### Extracted data ###

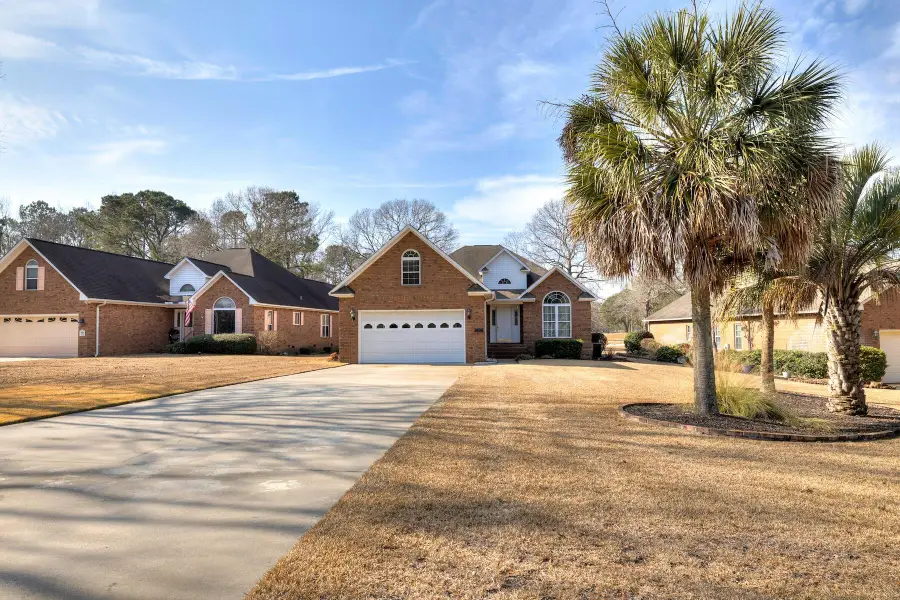 2 Fairway Drive, Manning, SC 29102 - #2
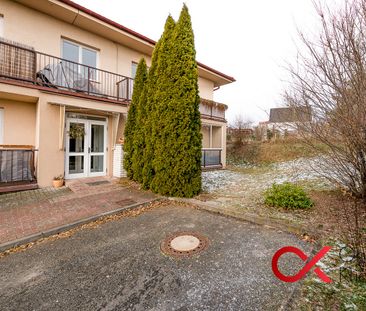 Pronájem bytu 1+kk 36 m² - Fotografie 5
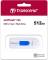 Миниатюра Transcend 512GB JetFlash 790 White USB 3.1 TS512GJF790W, фото 5
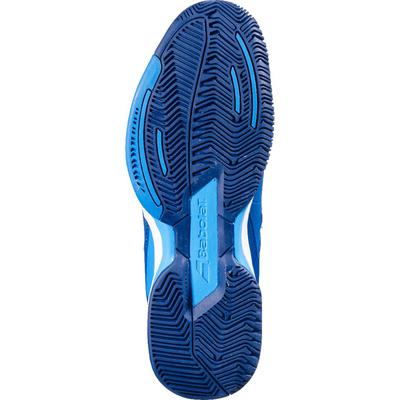 Babolat Mens Pulsion Tennis Shoes - Estate Blue - main image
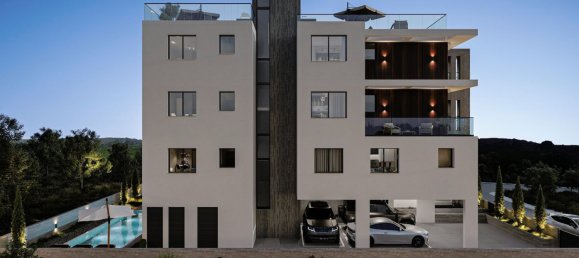 2 bedrooms Apartment in Paphos, Cyprus No. 22151 20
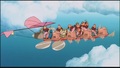 Castle in the Sky - hayao-miyazaki screencap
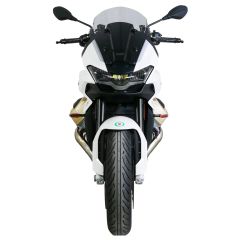 MRA Screen TM - Touring Maxi MOTO GUZZI V100 Mandello (22-25)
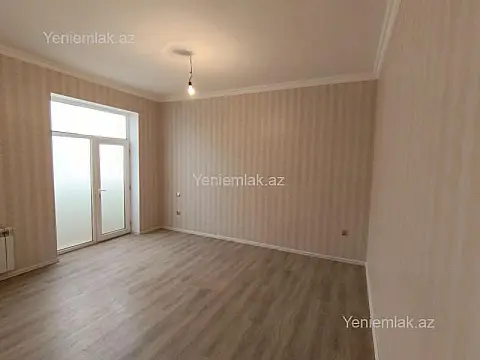 Satılır 4 otaqlı yeni tikili 84 m²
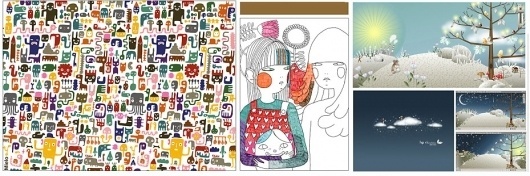 WELCOME TO MIELO #illustration #design #colour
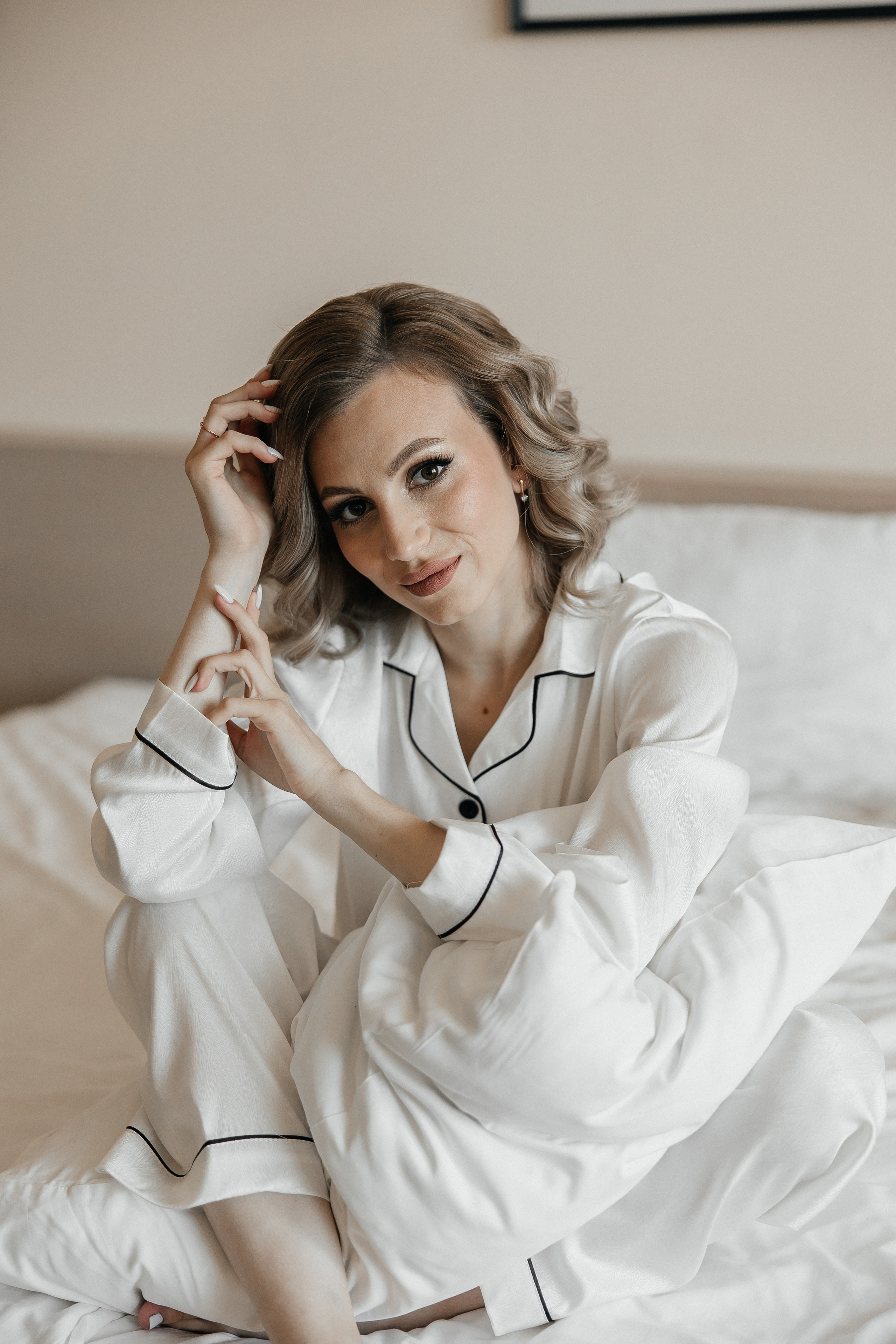 Оксана и Тимур. Свадебный и семейный фотограф Елизавета Ермак | Москва и МО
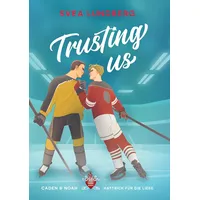Tolino media Trusting us - Hattrick für die Liebe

###

Where a picture appears, omit it; otherwise reproduce each line above from the first to the one with "MRA Screen TM", inclusive.

> _Task result_:
 2 Fairway Drive, Manning, SC 29102 - #2
 Pronájem bytu 1+kk 36 m² - Fotografie 5
 Миниатюра Transcend 512GB JetFlash 790 White USB 3.1 TS512GJF790W, фото 5
 Babolat Mens Pulsion Tennis Shoes - Estate Blue - main image
 2 bedrooms Apartment in Paphos, Cyprus No. 22151 20
 Castle in the Sky - hayao-miyazaki screencap
 MRA Screen TM - Touring Maxi MOTO GUZZI V100 Mandello (22-25)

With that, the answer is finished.